Maintenance: Filterable by mileage, time, and driving conditions
Fluids: Type, capacity, part number, and grade with quick copy for cross-referencing
Specs: Tabular and procedural specs with progressive disclosure and diagrams
OUTCOMES
Within 10 Months of launch we gained 6 new SMS partnerships
EstimateXpress launched its first paying SMS partnership in March 2025.
Within 10 months:
6 new SMS partnerships signed
600+ net new repair shops on the platform
$400K in SaaS ARR generated
Two major partnerships signed for 2026, representing 4,200 additional shops
Projected ARR by end of 2026: $1.1M – $2.5M
REFLECTION
Building a constrained MVP to get business partners on board was the right call
As partners came on, we expanded scope iteratively, shaped by their users' feedback and by data that became available to us over time.

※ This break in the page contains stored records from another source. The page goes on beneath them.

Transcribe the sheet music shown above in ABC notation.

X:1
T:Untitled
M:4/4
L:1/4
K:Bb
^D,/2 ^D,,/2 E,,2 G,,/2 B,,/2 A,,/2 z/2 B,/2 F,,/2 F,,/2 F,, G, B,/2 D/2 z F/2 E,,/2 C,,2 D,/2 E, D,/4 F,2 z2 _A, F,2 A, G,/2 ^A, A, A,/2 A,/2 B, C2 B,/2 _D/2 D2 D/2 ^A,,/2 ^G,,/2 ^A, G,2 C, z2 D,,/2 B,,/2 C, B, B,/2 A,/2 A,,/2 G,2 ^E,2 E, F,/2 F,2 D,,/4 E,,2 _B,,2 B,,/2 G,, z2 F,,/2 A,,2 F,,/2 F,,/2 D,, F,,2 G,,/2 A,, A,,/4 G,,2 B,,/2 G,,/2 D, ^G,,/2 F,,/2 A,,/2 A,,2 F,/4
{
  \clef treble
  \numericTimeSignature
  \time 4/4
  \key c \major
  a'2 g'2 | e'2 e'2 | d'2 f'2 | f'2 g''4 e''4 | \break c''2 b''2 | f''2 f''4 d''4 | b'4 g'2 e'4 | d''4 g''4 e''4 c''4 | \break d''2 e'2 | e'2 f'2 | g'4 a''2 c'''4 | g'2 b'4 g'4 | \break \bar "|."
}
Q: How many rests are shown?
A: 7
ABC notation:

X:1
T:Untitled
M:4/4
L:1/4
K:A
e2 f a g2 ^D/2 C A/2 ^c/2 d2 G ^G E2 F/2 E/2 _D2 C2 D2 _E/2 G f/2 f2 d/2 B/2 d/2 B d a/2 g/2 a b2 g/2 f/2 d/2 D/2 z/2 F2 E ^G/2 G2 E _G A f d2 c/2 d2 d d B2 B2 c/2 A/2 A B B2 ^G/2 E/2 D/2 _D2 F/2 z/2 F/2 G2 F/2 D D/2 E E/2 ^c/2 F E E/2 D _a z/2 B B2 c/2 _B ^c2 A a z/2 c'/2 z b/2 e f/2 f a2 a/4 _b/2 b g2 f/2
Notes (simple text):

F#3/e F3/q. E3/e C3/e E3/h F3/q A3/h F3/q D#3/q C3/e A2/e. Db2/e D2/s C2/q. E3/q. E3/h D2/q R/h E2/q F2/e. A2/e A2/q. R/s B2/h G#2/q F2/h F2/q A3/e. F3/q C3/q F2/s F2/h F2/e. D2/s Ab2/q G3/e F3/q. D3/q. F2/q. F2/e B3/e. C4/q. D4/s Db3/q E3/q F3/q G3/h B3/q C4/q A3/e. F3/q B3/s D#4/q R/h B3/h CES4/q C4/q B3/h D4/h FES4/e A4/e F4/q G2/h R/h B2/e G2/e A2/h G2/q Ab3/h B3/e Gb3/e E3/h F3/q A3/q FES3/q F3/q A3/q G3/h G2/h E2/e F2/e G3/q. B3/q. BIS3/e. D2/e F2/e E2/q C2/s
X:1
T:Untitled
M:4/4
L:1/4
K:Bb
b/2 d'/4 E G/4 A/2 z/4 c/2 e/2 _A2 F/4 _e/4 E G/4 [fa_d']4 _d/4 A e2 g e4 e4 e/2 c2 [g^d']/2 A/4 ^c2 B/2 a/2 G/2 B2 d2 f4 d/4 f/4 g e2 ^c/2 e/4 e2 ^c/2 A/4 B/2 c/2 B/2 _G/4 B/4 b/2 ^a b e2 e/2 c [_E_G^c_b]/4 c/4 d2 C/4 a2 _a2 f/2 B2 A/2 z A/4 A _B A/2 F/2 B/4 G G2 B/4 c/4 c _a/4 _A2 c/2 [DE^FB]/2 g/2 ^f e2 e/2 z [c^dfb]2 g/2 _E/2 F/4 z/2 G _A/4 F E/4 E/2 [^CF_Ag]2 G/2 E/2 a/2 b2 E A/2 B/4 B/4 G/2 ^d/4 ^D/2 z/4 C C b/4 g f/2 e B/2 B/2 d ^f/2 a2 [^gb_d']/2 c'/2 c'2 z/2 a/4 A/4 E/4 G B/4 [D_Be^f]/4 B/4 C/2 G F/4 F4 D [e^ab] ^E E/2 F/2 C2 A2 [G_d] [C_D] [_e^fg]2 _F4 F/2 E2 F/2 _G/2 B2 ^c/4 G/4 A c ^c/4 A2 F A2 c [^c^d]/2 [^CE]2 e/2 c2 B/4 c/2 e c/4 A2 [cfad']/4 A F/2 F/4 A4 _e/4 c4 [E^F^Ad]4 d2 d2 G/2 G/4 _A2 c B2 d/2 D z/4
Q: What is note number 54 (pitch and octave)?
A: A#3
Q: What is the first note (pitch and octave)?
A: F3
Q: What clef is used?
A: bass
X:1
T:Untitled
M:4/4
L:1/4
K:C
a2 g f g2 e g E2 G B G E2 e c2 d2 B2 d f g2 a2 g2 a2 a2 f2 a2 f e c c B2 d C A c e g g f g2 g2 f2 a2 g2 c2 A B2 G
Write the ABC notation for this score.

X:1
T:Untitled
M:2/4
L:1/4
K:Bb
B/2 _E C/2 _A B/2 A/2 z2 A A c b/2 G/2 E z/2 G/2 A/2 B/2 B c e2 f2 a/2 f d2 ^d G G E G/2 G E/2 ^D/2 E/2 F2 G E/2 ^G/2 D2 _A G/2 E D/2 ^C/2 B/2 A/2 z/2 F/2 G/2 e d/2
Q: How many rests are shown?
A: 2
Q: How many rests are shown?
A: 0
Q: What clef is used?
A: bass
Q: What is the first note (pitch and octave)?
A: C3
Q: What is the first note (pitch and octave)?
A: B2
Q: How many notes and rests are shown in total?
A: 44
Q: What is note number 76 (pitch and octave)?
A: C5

Close collaboration with engineering was truly the key ingredient to this project's success. We pulled datasets together early to understand the structure we were working with, and designed the labor hierarchy around what we actually found, not just assumptions. That back-and-forth was one of the more productive parts of the process.
The bigger friction wasn't internal. Some partners who committed never signed, and others took much longer than expected. But the work wasn't held hostage to that because it was grounded in competitive analysis and discovery interviews from the start.
If I did it again, I'd document as I go. Losing research artifacts mid-project is a real cost for this case study and for whoever picks up the work next.